DATA IN THIS EXERCISE
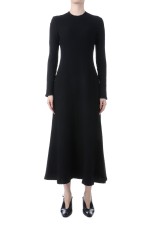 Shirring Jersey Jacquard Dress - BLACK (MM25FW-JS038)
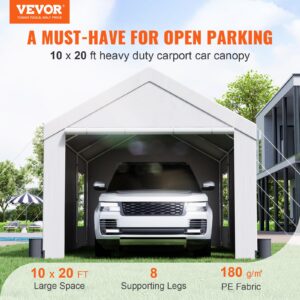 VEVOR Carport 10x20ft, Upgraded Version Car Canopy Portable Garage, Heavy Duty Car Port with Roll-up Ventilated Windows & Removable Sidewalls, UV Resistant Waterproof All-Season Tarp for SUV Truck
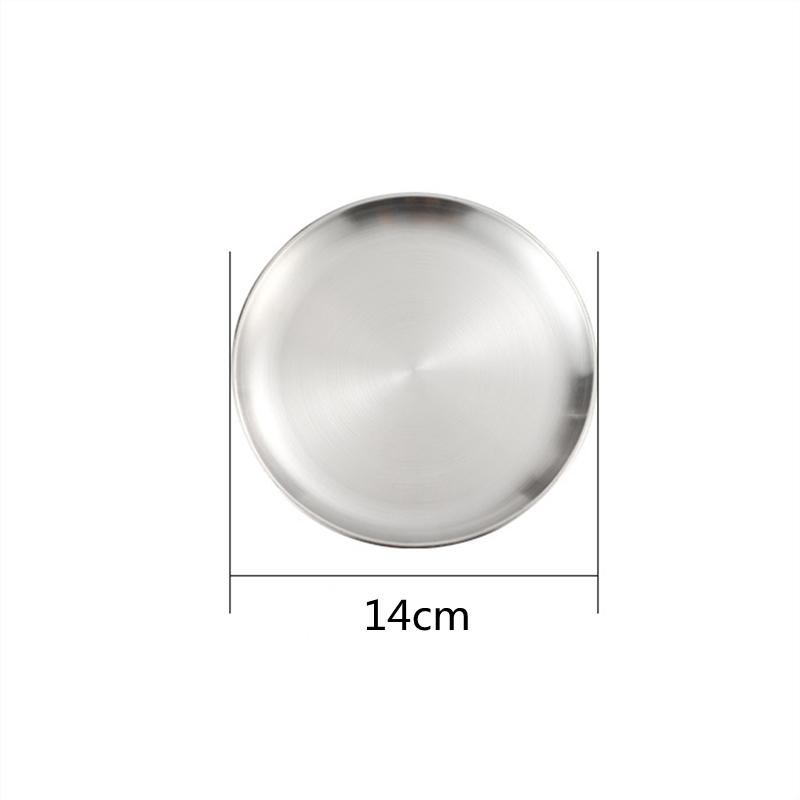 Round Stainless Steel Dinner Plates Flat Insulated Thick BBQ Shallow Dishes Western Steak Cake Fruit Tray Kitchen Accessories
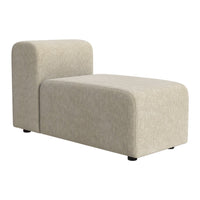 Light beige upholstered modern chaise with smooth, matte texture and minimalist design. Perfect for contemporary spaces.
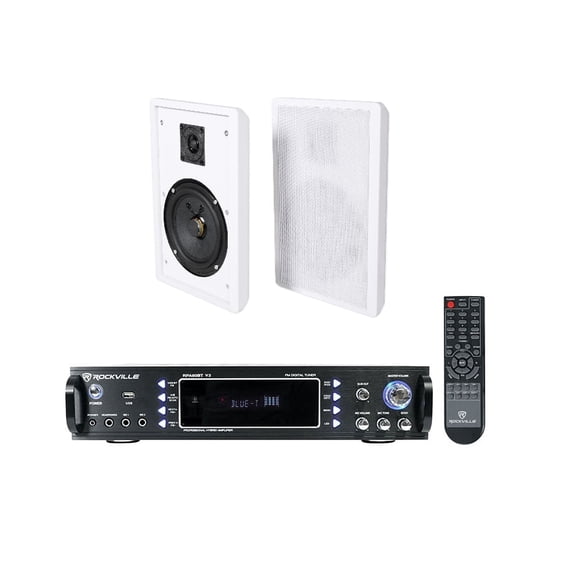 Rockville RPA60BT V2 Bundle: 1000W Bluetooth Karaoke Amplifier Mixer, RockSlim 5.25 inch White Wall Mount Speakers, 2-items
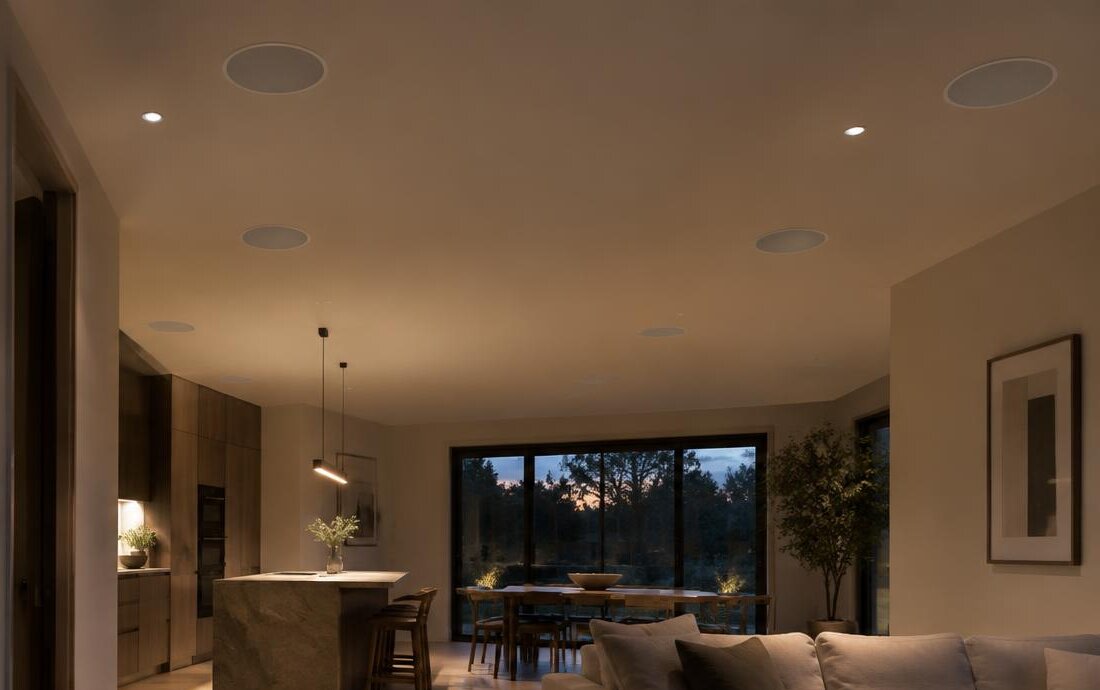 Illustrative image: open-plan kitchen and lounge with flush in-ceiling speakers and a wall keypad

WHAT IS NEEDED
Only the lines from the one containing "Round Stainless Steel" through the last line of the material should be returned, exactly and without pictures.

ANSWER AREA
 Round Stainless Steel Dinner Plates Flat Insulated Thick BBQ Shallow Dishes Western Steak Cake Fruit Tray Kitchen Accessories
 Light beige upholstered modern chaise with smooth, matte texture and minimalist design. Perfect for contemporary spaces.
 Rockville RPA60BT V2 Bundle: 1000W Bluetooth Karaoke Amplifier Mixer, RockSlim 5.25 inch White Wall Mount Speakers, 2-items
 Illustrative image: open-plan kitchen and lounge with flush in-ceiling speakers and a wall keypad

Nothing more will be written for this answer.